Padres squander a big opportunity against Dodgers, lose Joe Musgrove

Joe Musgrove being shut down may hurt the Padres as he recovers from a shoulder injury.

SAN DIEGO — Everything had been set up perfectly for the Padres going into their game with their rivals up the five freeway, the Los Angeles Dodgers. 

Every team ahead of them in the wild card race lost, so they were one victory away from being three games down, but it didn’t happen on the field as they lost 10-5 to the Dodgers.

They had a 3-2 lead heading into the eighth inning when Robert Suarez let the game get out of hand, pitching 33 times in the inning and allowing five runs.

Yet again, the Padres wasted a good performance from a starting pitcher as You Darvish went seven innings allowing five hits but only two runs and four batters struck out.

That has been the theme for the Padres relief pitching has been the culprit in many losses this season.

Tomorrow is another day, and they will try their luck again, but they must win at least three games to stay competitive and not fall behind.

“It’s just take it day by day like we’ve been doing; we’ve been playing the last couple of weeks just to try to go out there and compete every night,” Manny Machado said.

To add insult to injury, the team got some bad news before facing the Dodgers as general manager A.J. Preller informed the media they would be shutting down pitcher Joe Musgrove for three weeks.

Musgrove had an MRI that showed inflammation in his right shoulder capsule.

“I honestly thought we were going in for a pretty routine checkup, but they went in and found some injury to the capsule,” Musgrove said. “Every part of me wants to go out there and throw.
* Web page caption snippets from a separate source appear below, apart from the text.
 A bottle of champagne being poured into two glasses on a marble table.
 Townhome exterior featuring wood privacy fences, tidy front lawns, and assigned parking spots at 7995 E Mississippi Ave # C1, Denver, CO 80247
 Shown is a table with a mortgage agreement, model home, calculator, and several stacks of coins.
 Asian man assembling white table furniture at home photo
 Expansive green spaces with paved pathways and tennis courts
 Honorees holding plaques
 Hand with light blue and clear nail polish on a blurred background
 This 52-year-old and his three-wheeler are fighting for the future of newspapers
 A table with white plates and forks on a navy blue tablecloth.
But everything’s telling us that we needed to step back and give it some rest.”

Preller said they aren’t ruling him out for the rest of the year. They hope he can take it easy and, in three weeks, should be ready to go.
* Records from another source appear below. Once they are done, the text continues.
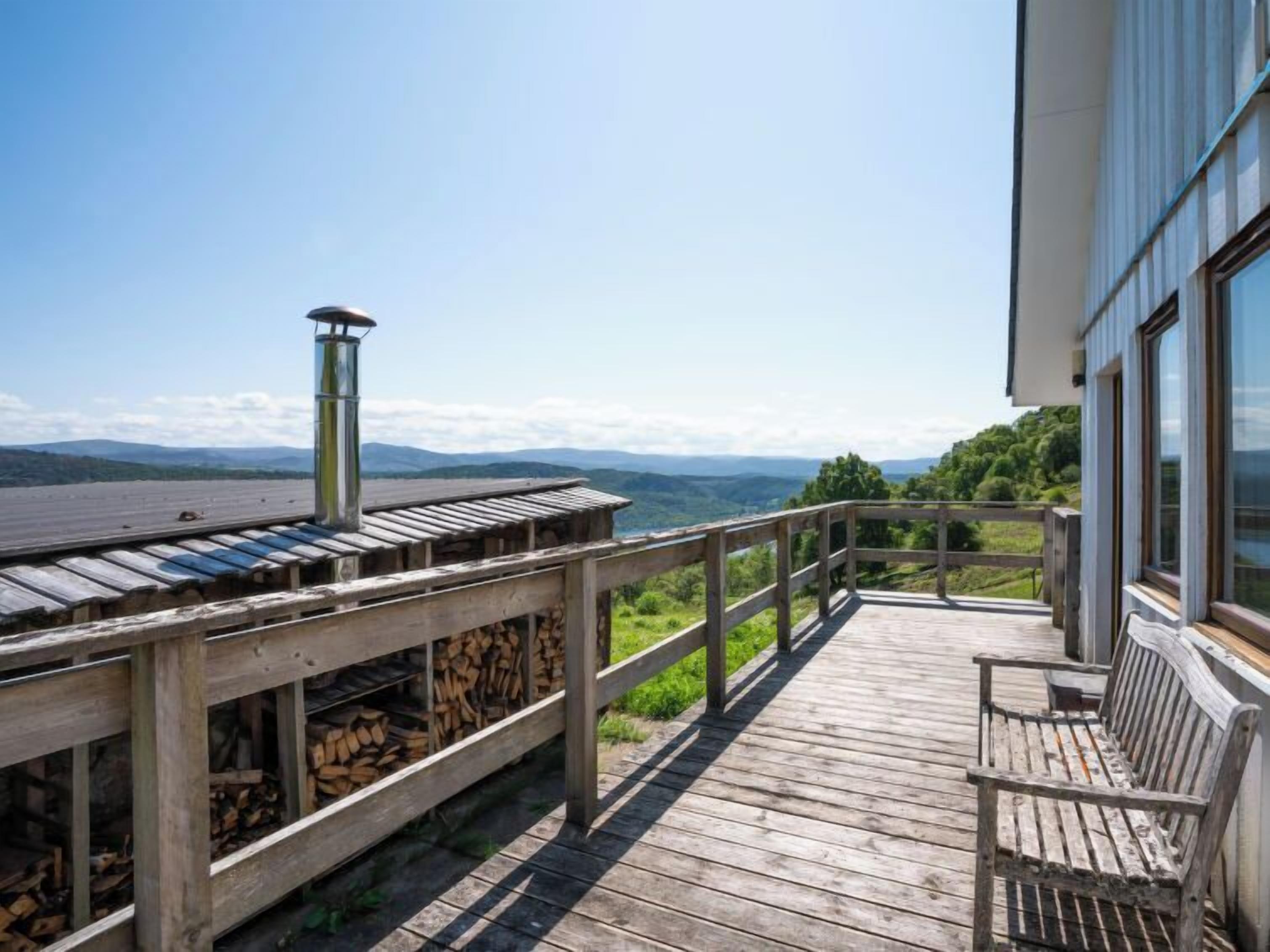 A wooden deck with a railing, a stack of firewood, and a view of mountains.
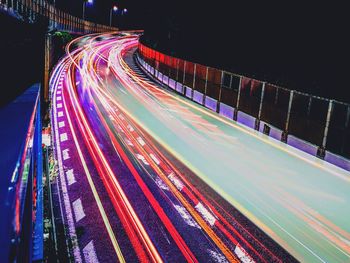 High angle view of light trails on highway at night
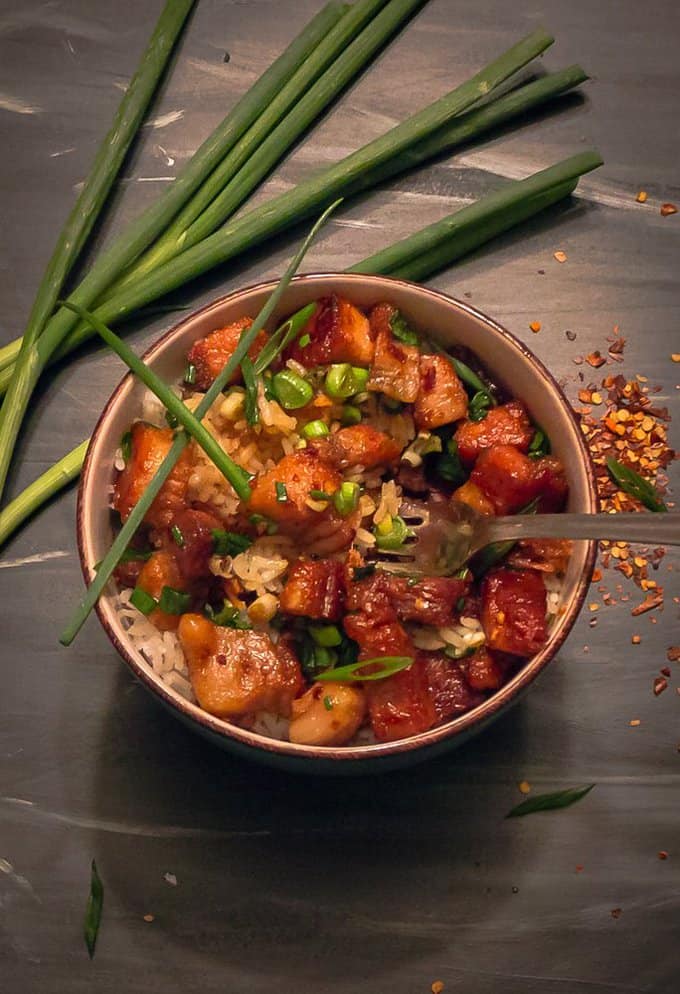 Sticky Chinese Pork Belly in bowl with a green onion garnish on back background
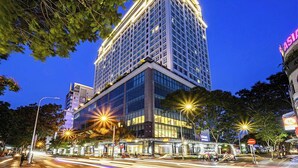 A high-rise hotel with multiple floors, large windows, and a prominent "Galaxy Office" sign. - Salute de Léman - Luxury Apartment District 3 (Ho Chi Minh City)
Rest will be key for Musgrove, even though that might be the hardest thing to tell an athlete.

“Every part of me wants to go out there and throw, but everything is telling us that we need to step back and give it some rest,” Musgrove said. “We saw multiple doctors, got every opinion we could, and everyone was pretty consistent in saying that three weeks is about what you need to at least give it a chance to come back.”

Since the start of June, Musgrove has had a 1.88 ERA and was coming off a good series against the Texas Rangers before being a scratch against the Colorado Rockies on Wednesday.

“I feel like I was in a really good spot — mentally, physically, delivery wise and stuff,” he said. “Find a way to maintain that edge and come back ready to go and just maximize the time that I have off.”

He has dealt with numerous injuries this season, including dropping a kettlebell on his left toe during Spring Training. As he got better, he suffered an A.C. joint in his shoulder after landing on it. Musgrove has pitched through elbow bursitis.

“Extremely frustrating,” Musgrove said. “But, you know, I could sit here and sulk and ‘poor me.’ Or I can take it for what it is and try to be here for these guys as much as I can.”

This injury happened days after the trade deadline closed, but luckily for the Padres, they traded for starter Rich Hill. Preller feels like others will need to step up in the absence of Musgrove.

“Injuries are never easy,” Preller said. “But we do feel like with Rich, with Michael Wacha coming back, Nick Martinez having some flexibility, Pedro Avila stepping up and throwing well … we’ve got some depth. And we’re going to use it.”

Wacha is close to returning, and the Padres hope he can return where he left off while Martinez has been up and down in 2023. 

The Padres are now four games behind the wild card spot. They will need Hill, Wacha, Martinez, and everyone else on this team to put it together and start making a run before it is too late.

“We got the guys to do it,” Musgrove said. “I don’t think they’re feeling out of this thing now that I’m injured. They haven’t lost sight of the goal. My job is to just crush this rehab and get back as soon as I can.”